La CJUE commence par rappeler qu’elle a eu à traiter de cette question dans le cadre de l’interprétation des règles de compétence en matière de contrats conclus avec les consommateurs prévues par la convention de Bruxelles. Elle rappelle qu’elle avait jugé que qu’une personne qui a conclu un contrat pour un usage se rapportant en partie à son activité professionnelle, et n’étant donc qu’en partie seulement étranger à celle-ci, n’est pas en droit de se prévaloir du bénéfice des règles de compétence spécifiques en matière de contrats conclus avec les consommateurs prévues par la convention de Bruxelles, sauf si l’usage professionnel est marginal au point d’avoir un rôle négligeable dans le contexte global de l’opération en cause (voir, en ce sens, arrêt du 20 janvier 2005, Gruber, C464/01, EU:C:2005:32, points 39 et 54).
Cependant, la présente affaire est l’occasion pour la CJUE d’indique que l’article 2, sous b), de la directive 93/13 n’est pas une disposition devant faire l’objet d’une interprétation stricte et que compte tenu de la ratio legis de cette directive visant à protéger les consommateurs en cas de clauses contractuelles abusives, l’interprétation stricte de la notion de « consommateur » retenue dans l’arrêt Gruber, aux fins de la détermination de la portée des règles de compétence dérogatoires prévues aux articles 13 à 15 de la convention de Bruxelles en cas de contrat à double finalité, ne saurait être étendue, par analogie, à la notion de « consommateur », au sens de l’article 2, sous b), de la directive 93/13.

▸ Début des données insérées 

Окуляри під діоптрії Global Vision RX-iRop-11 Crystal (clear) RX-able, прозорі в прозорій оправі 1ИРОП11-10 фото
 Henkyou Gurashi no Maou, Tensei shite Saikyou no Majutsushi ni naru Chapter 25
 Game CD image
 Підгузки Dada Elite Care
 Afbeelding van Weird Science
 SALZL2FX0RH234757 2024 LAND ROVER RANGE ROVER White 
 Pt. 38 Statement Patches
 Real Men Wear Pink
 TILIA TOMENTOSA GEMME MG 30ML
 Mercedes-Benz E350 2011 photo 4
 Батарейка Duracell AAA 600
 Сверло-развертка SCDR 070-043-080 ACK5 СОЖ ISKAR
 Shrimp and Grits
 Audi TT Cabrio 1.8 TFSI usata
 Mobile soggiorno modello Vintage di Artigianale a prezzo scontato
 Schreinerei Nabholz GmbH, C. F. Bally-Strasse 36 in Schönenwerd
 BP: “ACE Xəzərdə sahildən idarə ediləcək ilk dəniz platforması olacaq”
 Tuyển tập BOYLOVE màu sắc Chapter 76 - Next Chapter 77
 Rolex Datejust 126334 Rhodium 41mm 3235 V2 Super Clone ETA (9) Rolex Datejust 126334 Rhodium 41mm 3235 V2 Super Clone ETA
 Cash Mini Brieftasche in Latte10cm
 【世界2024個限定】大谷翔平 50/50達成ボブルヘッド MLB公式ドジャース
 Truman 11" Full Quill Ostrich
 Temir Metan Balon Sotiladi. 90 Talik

Elle en déduit que relève de la notion de « consommateur », au sens de cette disposition, une personne ayant conclu un contrat de crédit destiné à un usage en partie lié à son activité professionnelle et en partie étranger à cette activité, conjointement avec un autre emprunteur n’ayant pas agi dans le cadre de son activité professionnelle, lorsque la finalité professionnelle est si limitée qu’elle n’est pas prédominante dans le contexte global de ce contrat.
En d’autres termes, il suffit que la finalité professionnelle ne soit pas prédominante pour que la personne puisse être qualifiée de consommateur. Il n’est pas nécessaire qu’elle soit marginale.
La CJUE précise ensuite les critères pour déterminer, dans un contrat de prêt « mixte » (lorsque les fonds alloués sont partiellement affectés à une activité professionnelle et une autre partie à des fins de consommation étrangères à une activité professionnelle), si la finalité professionnelle n’est pas prédominante.
Elle indique que le juge est tenu de prendre en considération toutes les circonstances pertinentes entourant ce contrat, tant quantitatives que qualitatives. La Cour précise que c’est le cas de la répartition du capital emprunté entre une activité professionnelle et une activité extraprofessionnelle ainsi que, en cas de pluralité d’emprunteurs, le fait qu’un seul d’entre eux poursuit une finalité professionnelle ou que le prêteur a subordonné l’octroi d’un crédit destiné à des fins de consommation à une affectation partielle du montant emprunté au remboursement de dettes liées à une activité professionnelle (pt 57).
Elle ajoute que ces critères ne sont ni exhaustifs ni exclusifs, de sorte qu’il incombe à la juridiction de renvoi d’examiner l’ensemble des circonstances entourant le contrat en cause au principal et d’apprécier, sur la base des éléments de preuve objectifs dont il dispose, dans quelle mesure la finalité professionnelle ou non professionnelle de ce contrat est prédominante dans le contexte global de ce dernier (pt 58).